===== Material provided =====

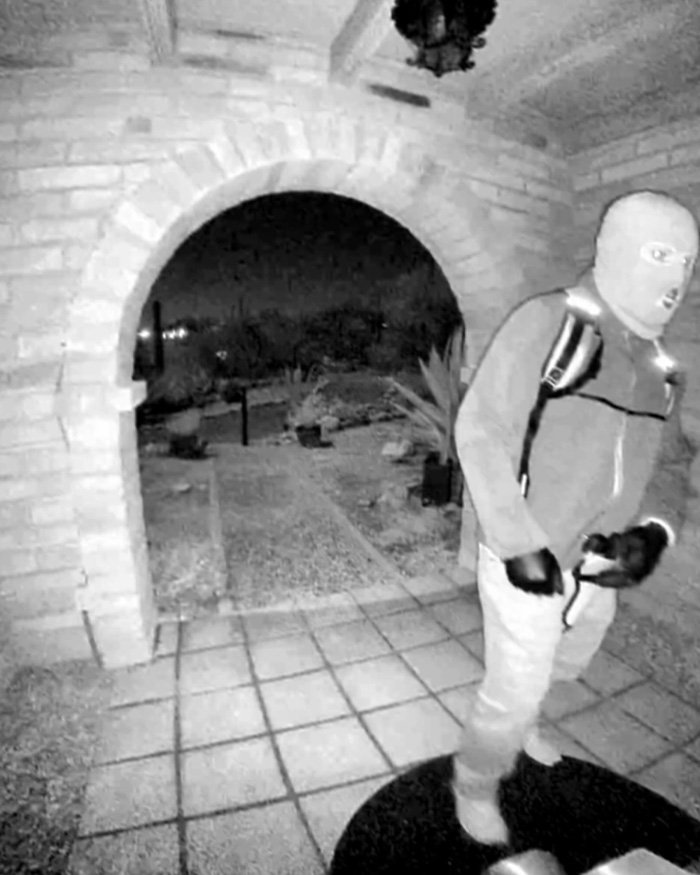 Masked intruder caught on doorbell camera, related to Nancy Guthrie ransom note demanding bitcoin payment.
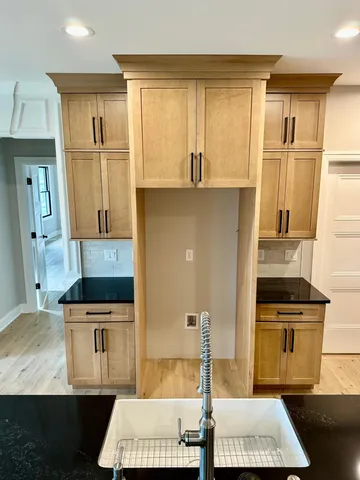 a kitchen with kitchen island granite countertop a sink stove and refrigerator
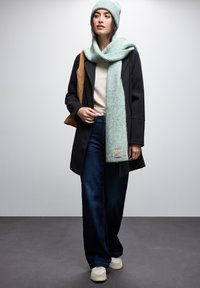 Sort frakke, creme sweater, mørkeblå brede bukser, lysegrøn tørklæde, matchende hue, lysebrun taske, og beige sneakers, på en grå baggrund.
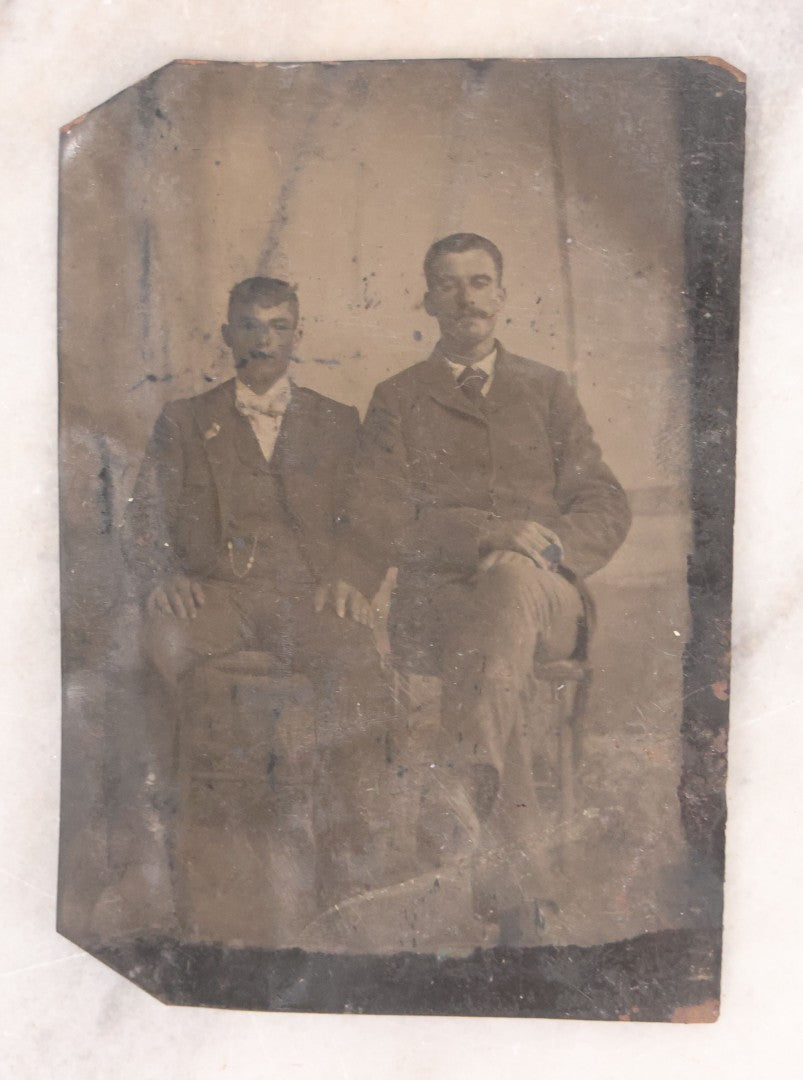 Lot 096 - Grouping Of Six Antique Tintype Photographs Including Souvenir Photo Of Girl On Model Horse, Family Of Five, And Group Photo With Old Man In Bowler Hat With Long White Beard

=====

Keep the pictures out and transcribe the listing exactly.

Response to the exercise:
 Masked intruder caught on doorbell camera, related to Nancy Guthrie ransom note demanding bitcoin payment.
 a kitchen with kitchen island granite countertop a sink stove and refrigerator
 Sort frakke, creme sweater, mørkeblå brede bukser, lysegrøn tørklæde, matchende hue, lysebrun taske, og beige sneakers, på en grå baggrund.
 Lot 096 - Grouping Of Six Antique Tintype Photographs Including Souvenir Photo Of Girl On Model Horse, Family Of Five, And Group Photo With Old Man In Bowler Hat With Long White Beard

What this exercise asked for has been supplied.